My task next week is to try to convince a guy in Finland I supplied a brand new modified engine to,(gonna be started up, May 8/9), to throw away all that awful cr..p he has been supplied by Cancelli of Pri, and go back to a decent pair of Italian 40DCOE webers with a decent "shorty" inlet manifold.

 

The bends in manifolds are not bad "per se" it's just when they insist on varying the cross sectional area, making the bad mismatches, then fitting Spanish webers with the wrong progression hole numbers/locations, that life get's tiresome.

 

Problem is:-

 

1/ I buy a Moss inlet manifold,- Get it here first as they may say they have stock but not have any.

I'll have to start all over again with the grinder, cleaning them up and matching them, fool around for hrs making it fit again.

 

2/ Twisting the arm of a French customer, who has rescued and fully overhauled a really good pair of Renault alpine webers.....
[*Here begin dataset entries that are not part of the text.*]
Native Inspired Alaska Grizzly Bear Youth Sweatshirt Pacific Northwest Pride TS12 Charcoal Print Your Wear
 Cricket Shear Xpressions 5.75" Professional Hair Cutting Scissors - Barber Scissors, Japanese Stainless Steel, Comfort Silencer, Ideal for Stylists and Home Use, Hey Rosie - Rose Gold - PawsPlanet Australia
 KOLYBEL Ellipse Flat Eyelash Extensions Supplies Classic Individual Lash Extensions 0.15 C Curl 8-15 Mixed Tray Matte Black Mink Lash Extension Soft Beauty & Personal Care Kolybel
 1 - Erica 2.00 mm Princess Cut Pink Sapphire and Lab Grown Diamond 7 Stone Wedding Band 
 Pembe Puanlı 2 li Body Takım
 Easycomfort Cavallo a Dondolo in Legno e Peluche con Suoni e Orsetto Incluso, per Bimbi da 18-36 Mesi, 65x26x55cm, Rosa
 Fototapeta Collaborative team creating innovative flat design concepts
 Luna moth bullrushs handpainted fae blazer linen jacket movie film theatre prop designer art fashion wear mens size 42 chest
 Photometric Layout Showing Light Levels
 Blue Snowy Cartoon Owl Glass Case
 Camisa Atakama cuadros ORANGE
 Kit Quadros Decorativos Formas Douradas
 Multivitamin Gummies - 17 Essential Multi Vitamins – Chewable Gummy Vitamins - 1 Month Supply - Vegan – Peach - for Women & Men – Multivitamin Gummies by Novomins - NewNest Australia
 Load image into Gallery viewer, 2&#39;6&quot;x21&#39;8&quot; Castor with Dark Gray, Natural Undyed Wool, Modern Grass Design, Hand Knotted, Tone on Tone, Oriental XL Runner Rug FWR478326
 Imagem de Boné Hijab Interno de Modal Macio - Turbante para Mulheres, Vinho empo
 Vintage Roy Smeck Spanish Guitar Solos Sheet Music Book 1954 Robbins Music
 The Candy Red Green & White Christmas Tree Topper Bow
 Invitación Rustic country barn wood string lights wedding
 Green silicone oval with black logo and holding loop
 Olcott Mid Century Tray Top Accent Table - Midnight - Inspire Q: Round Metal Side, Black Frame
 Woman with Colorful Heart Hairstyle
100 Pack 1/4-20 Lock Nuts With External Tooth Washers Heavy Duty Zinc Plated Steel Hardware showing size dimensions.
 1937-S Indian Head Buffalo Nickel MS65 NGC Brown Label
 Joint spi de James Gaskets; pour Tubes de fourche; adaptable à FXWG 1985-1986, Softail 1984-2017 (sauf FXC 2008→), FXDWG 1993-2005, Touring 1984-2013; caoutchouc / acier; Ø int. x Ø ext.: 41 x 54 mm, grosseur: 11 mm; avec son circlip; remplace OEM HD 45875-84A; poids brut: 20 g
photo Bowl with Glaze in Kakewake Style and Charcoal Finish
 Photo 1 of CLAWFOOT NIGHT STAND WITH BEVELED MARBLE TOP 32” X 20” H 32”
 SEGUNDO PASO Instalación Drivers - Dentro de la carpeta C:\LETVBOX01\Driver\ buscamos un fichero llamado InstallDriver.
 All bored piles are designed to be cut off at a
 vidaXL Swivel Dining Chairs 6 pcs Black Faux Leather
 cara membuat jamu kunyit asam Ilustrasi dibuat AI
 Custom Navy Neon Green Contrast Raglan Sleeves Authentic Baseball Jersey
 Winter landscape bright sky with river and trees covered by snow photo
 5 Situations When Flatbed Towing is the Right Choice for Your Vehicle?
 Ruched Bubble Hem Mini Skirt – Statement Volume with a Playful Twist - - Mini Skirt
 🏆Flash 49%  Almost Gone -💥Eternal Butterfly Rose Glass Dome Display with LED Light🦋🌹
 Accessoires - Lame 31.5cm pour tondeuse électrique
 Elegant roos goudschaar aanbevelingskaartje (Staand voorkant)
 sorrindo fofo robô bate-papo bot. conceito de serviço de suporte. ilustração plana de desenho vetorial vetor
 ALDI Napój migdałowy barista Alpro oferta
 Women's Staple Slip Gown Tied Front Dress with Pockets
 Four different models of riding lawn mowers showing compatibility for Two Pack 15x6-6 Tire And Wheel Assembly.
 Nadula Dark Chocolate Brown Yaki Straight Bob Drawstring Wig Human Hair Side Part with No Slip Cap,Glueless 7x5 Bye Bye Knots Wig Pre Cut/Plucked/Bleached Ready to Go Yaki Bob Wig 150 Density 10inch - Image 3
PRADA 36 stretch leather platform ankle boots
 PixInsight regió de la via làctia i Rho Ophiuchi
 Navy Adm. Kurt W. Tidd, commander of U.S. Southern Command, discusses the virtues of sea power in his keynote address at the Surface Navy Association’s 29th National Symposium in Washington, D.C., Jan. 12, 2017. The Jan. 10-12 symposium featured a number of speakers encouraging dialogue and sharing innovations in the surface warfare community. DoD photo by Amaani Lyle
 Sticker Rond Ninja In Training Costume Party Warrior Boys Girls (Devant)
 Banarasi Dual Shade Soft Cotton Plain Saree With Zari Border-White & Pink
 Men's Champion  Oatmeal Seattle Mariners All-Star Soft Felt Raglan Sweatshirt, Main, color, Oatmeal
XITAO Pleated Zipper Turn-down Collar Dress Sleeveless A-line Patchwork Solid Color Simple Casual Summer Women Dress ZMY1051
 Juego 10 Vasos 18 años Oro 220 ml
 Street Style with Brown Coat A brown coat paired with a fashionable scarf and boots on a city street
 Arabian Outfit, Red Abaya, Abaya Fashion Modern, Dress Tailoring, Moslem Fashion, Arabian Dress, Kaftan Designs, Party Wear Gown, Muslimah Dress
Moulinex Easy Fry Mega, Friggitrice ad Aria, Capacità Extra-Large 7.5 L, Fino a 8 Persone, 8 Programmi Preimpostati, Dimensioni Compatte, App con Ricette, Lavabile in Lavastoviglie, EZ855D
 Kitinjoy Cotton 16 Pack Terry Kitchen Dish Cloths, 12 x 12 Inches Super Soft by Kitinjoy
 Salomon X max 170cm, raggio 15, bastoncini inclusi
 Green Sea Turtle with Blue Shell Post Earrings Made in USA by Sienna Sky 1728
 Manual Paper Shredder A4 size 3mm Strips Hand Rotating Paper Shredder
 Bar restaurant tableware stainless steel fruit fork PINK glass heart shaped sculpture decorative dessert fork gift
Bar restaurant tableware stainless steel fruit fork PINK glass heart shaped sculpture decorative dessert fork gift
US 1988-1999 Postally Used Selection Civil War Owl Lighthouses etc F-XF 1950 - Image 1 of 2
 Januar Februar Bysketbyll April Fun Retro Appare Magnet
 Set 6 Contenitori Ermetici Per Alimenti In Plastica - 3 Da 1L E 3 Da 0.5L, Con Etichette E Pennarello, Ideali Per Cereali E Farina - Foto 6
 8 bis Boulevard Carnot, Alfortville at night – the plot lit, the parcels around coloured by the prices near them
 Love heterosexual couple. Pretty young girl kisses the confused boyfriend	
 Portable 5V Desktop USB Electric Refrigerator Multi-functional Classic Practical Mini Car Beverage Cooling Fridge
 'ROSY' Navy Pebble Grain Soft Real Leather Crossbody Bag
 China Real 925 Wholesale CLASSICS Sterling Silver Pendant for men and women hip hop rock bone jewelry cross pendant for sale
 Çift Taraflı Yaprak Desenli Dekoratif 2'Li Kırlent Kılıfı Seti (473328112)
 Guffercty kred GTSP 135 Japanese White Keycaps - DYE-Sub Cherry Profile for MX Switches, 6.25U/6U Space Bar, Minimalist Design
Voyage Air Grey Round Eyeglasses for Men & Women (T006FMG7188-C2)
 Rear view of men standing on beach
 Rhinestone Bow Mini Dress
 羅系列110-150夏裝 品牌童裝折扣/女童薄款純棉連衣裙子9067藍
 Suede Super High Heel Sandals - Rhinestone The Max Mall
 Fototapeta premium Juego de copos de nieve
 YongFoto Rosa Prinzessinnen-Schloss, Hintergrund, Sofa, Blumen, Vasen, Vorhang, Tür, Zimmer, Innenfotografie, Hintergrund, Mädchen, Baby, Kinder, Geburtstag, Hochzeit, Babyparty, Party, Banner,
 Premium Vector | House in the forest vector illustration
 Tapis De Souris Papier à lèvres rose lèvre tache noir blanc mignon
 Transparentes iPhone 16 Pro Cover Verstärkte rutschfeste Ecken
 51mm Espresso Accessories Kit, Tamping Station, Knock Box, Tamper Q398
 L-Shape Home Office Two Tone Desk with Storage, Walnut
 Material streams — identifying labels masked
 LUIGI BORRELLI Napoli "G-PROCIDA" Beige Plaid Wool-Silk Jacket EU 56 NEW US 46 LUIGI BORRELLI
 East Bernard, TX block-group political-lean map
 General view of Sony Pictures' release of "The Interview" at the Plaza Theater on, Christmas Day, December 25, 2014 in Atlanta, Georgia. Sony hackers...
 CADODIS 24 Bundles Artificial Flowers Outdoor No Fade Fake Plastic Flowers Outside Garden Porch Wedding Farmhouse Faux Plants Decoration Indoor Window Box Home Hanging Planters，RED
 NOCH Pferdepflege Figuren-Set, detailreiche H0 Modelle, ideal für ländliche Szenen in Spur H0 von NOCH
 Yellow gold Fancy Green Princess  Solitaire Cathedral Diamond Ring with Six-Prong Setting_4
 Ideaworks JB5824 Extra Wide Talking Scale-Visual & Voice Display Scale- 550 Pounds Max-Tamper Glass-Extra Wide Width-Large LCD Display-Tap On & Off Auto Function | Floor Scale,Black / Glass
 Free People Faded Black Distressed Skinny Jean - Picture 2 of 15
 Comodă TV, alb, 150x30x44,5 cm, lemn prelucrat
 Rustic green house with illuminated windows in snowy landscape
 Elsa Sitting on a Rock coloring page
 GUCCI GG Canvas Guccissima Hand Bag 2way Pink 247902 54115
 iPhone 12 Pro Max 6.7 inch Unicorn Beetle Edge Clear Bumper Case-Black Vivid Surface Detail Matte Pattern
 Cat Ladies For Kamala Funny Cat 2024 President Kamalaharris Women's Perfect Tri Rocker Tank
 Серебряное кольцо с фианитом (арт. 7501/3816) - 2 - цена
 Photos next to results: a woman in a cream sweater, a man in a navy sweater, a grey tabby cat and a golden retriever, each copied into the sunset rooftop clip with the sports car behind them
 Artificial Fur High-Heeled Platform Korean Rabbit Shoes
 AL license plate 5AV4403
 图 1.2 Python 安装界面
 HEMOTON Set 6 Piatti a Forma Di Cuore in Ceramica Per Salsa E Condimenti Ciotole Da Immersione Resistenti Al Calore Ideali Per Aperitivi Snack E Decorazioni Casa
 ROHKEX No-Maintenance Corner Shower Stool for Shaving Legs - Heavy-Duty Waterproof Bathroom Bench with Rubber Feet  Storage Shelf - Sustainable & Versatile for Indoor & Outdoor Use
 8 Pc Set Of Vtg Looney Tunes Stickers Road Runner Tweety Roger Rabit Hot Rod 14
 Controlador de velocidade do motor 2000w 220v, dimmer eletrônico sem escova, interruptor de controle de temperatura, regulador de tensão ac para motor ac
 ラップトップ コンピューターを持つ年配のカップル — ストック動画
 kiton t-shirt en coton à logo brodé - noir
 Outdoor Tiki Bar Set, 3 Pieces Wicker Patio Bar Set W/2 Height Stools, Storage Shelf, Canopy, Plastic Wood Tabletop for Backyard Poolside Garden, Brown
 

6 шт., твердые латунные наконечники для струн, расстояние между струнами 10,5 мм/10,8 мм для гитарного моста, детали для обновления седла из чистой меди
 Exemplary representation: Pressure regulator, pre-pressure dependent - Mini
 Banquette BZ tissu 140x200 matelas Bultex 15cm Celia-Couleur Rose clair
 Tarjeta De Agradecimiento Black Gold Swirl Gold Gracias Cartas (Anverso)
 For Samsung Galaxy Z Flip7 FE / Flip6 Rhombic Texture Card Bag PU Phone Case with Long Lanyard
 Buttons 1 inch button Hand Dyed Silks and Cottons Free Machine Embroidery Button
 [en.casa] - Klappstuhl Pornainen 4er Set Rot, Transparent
making sure they are close to the right emulsions, mains, chokes+get them here....

 

3/ Making/using a linkage system that doesn't bend, twist or fall apart, and has decent return springs that are not unbearably stiff or soggy.

 

4/ Getting K & N / Green whatever to supply filters where the backplates have something resembling the right size holes in roughly the right places, so as I don't have to spend ages with the grinder again, trying to get the right rampipes to sit in there without shaking around because the lugs are wrong and everything is the wrong thickness, getting gaskets that are the right thickness, and sealing it all to the above inlet manifold....

 

5/ Get it all in a bag under my arm, jump on a bus 80 miles, then jump on a 3hr ferry to deliver it all.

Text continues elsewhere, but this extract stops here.